Records from a data source
[Start of section]

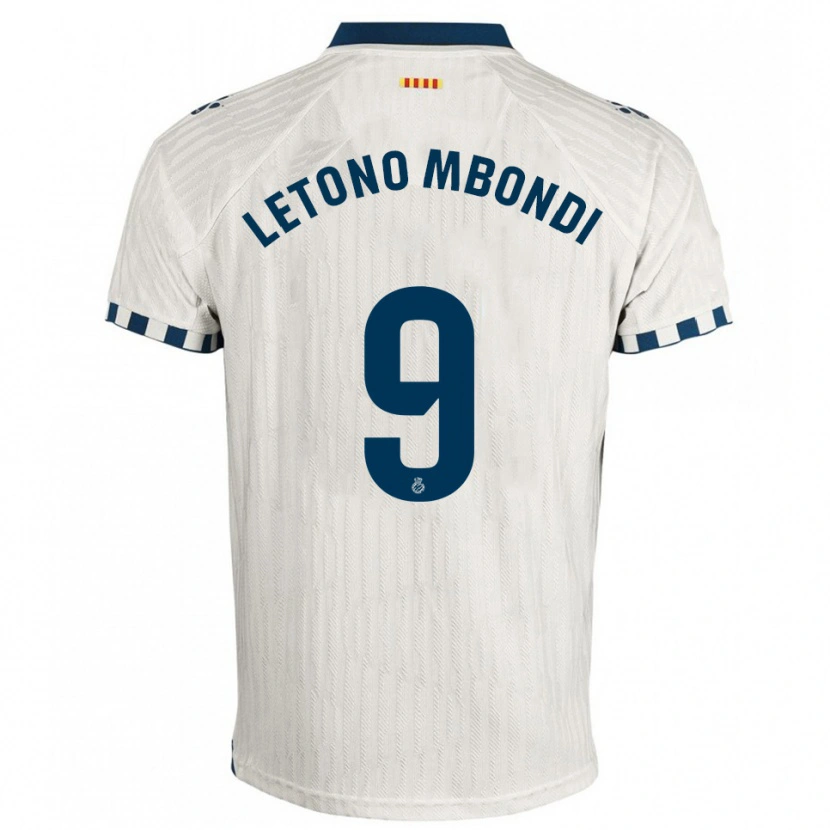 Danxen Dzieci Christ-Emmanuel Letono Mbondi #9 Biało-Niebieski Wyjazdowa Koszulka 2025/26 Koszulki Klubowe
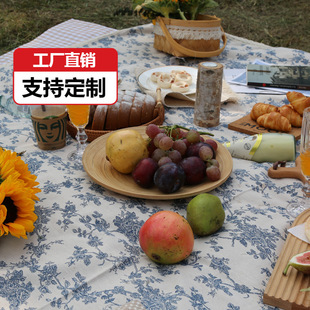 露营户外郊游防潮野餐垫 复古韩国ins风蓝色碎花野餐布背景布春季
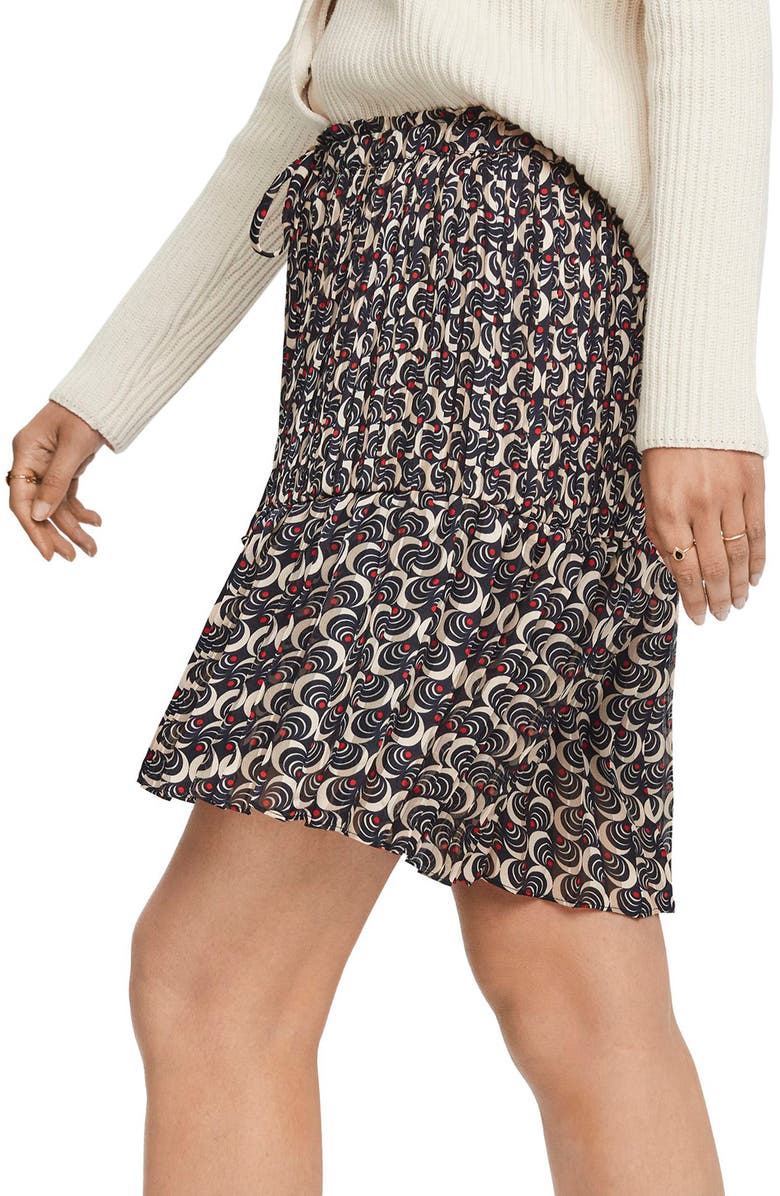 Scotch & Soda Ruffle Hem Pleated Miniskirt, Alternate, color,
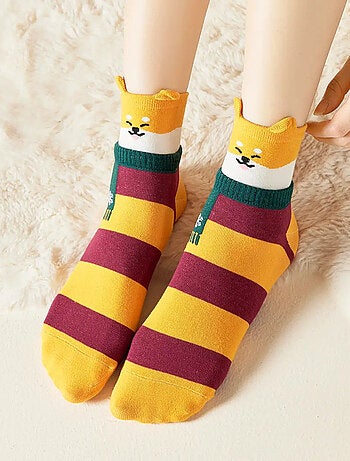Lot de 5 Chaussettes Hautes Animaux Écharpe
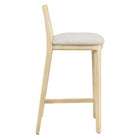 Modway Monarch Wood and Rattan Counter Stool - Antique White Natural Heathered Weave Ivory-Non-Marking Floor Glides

[End of section]

- **ABOUT THIS EXERCISE**:
Transcribe the complete set of entries verbatim. No pictures belong in the copy.

- **RESULT OF THIS EXERCISE**:
 Danxen Dzieci Christ-Emmanuel Letono Mbondi #9 Biało-Niebieski Wyjazdowa Koszulka 2025/26 Koszulki Klubowe
 露营户外郊游防潮野餐垫 复古韩国ins风蓝色碎花野餐布背景布春季
 Scotch & Soda Ruffle Hem Pleated Miniskirt, Alternate, color,
Lot de 5 Chaussettes Hautes Animaux Écharpe
 Modway Monarch Wood and Rattan Counter Stool - Antique White Natural Heathered Weave Ivory-Non-Marking Floor Glides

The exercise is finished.